An alternative could also be to replace it with synthetic data.
simulist is a good candidate for this. I believe it has all the features you need here and if not, your feedback can be a good source of improvement.
cc @joshwlambert
thank you for the feedback, I opted to make this simpler, to assess for cfr::prepare_data
and give visibility to {incidence2}
library(outbreaks)
library(tidyverse)
library(cfr)
mers_korea_2015$linelist %>%
as_tibble() %>%
select(starts_with("dt_"))
#> # A tibble: 162 × 6
#> dt_onset dt_report dt_start_exp dt_end_exp dt_diag dt_death
#> <date> <date> <date> <date> <date> <date>
#> 1 2015-05-11 2015-05-19 2015-04-18 2015-05-04 2015-05-20 NA
#> 2 2015-05-18 2015-05-20 2015-05-15 2015-05-20 2015-05-20 NA
#> 3 2015-05-20 2015-05-20 2015-05-16 2015-05-16 2015-05-21 2015-06-04
#> 4 2015-05-25 2015-05-26 2015-05-16 2015-05-20 2015-05-26 NA
#> 5 2015-05-25 2015-05-27 2015-05-17 2015-05-17 2015-05-26 NA
#> 6 2015-05-24 2015-05-28 2015-05-15 2015-05-17 2015-05-28 2015-06-01
#> 7 2015-05-21 2015-05-28 2015-05-16 2015-05-17 2015-05-28 NA
#> 8 2015-05-26 2015-05-29 2015-05-15 2015-05-15 2015-05-29 NA
#> 9 NA 2015-05-29 2015-05-15 2015-05-17 2015-05-29 NA
#> 10 2015-05-21 2015-05-29 2015-05-16 2015-05-16 2015-05-29 NA
#> # ℹ 152 more rows
mers_incidence <- mers_korea_2015$linelist %>%
# incidence2 workflow
incidence2::incidence(date_index = c("dt_onset","dt_death")) %>%
# incidence2::complete_dates()
identity()
mers_incidence
#> # incidence: 35 x 3
#> # count vars: dt_onset, dt_death
#> date_index count_variable count
#> * <date> <chr> <int>
#> 1 2015-05-11 dt_onset 1
#> 2 2015-05-17 dt_onset 1
#> 3 2015-05-18 dt_onset 1
#> 4 2015-05-20 dt_onset 5
#> 5 2015-05-21 dt_onset 6
#> 6 2015-05-22 dt_onset 2
#> 7 2015-05-23 dt_onset 4
#> 8 2015-05-24 dt_onset 2
#> 9 2015-05-25 dt_onset 3
#> 10 2015-05-26 dt_onset 1
#> # ℹ 25 more rows
mers_incidence %>%
cfr::prepare_data(cases_variable = "dt_onset",deaths_variable = "dt_death")
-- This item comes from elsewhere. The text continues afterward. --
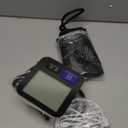 Blood Pressure Machine Upper Arm, 3 Size Cuffs, S, M/L and XL, Small 7"-9", Medium/Large 9"-17" and Extra Large X-Large Cuff 13"-21", Accurate Automatic Digital BP Monitor Home Use, Large Backlit LCD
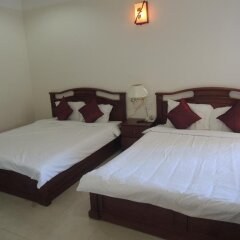 Hung Phong Hotel Далат комната для гостей фото 2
#> NAs in cases and deaths are being replaced with 0s: Set `fill_NA = FALSE` to prevent this.
#> date deaths cases
#> 1 2015-05-11 0 1
#> 2 2015-05-12 0 0
#> 3 2015-05-13 0 0
#> 4 2015-05-14 0 0
#> 5 2015-05-15 0 0
#> 6 2015-05-16 0 0
#> 7 2015-05-17 0 1
#> 8 2015-05-18 0 1
#> 9 2015-05-19 0 0
#> 10 2015-05-20 0 5
#> 11 2015-05-21 0 6
#> 12 2015-05-22 0 2
#> 13 2015-05-23 0 4
#> 14 2015-05-24 0 2
#> 15 2015-05-25 0 3
#> 16 2015-05-26 0 1
#> 17 2015-05-27 0 2
#> 18 2015-05-28 0 1
#> 19 2015-05-29 0 3
#> 20 2015-05-30 0 5
#> 21 2015-05-31 0 10
#> 22 2015-06-01 2 16
#> 23 2015-06-02 0 11
#> 24 2015-06-03 1 7
#> 25 2015-06-04 1 12
#> 26 2015-06-05 1 9
#> 27 2015-06-06 0 7
#> 28 2015-06-07 0 7
#> 29 2015-06-08 2 6
#> 30 2015-06-09 0 1
#> 31 2015-06-10 2 6
#> 32 2015-06-11 1 3
#> 33 2015-06-12 0 0
#> 34 2015-06-13 0 2
#> 35 2015-06-14 0 0
#> 36 2015-06-15 0 1
mers_incidence %>%
cfr::prepare_data(cases_variable = "dt_onset",deaths_variable = "dt_death") %>%
cfr::cfr_static()
#> NAs in cases and deaths are being replaced with 0s: Set `fill_NA = FALSE` to prevent this.
#> severity_mean severity_low severity_high
#> 1 0.07407407 0.03609165 0.1320059
Created on 2024-04-17 with reprex v2.1.0
An alternative could also be to replace it with synthetic data.
simulist is a good candidate for this. I believe it has all the features you need here and if not, your feedback can be a good source of improvement.
cc @joshwlambert
just tried {simulist} and filled a (not longer urgent) issue in https://github.com/epiverse-trace/simulist/issues/102 to try to get a similar scenario like the one above
The challenge on HFR uses data from {covidregionaldata} country UK region England
Is it fair to assume that all deaths happened in a hospital setting? or in any case, would it be appropriate to add that explicit assumption?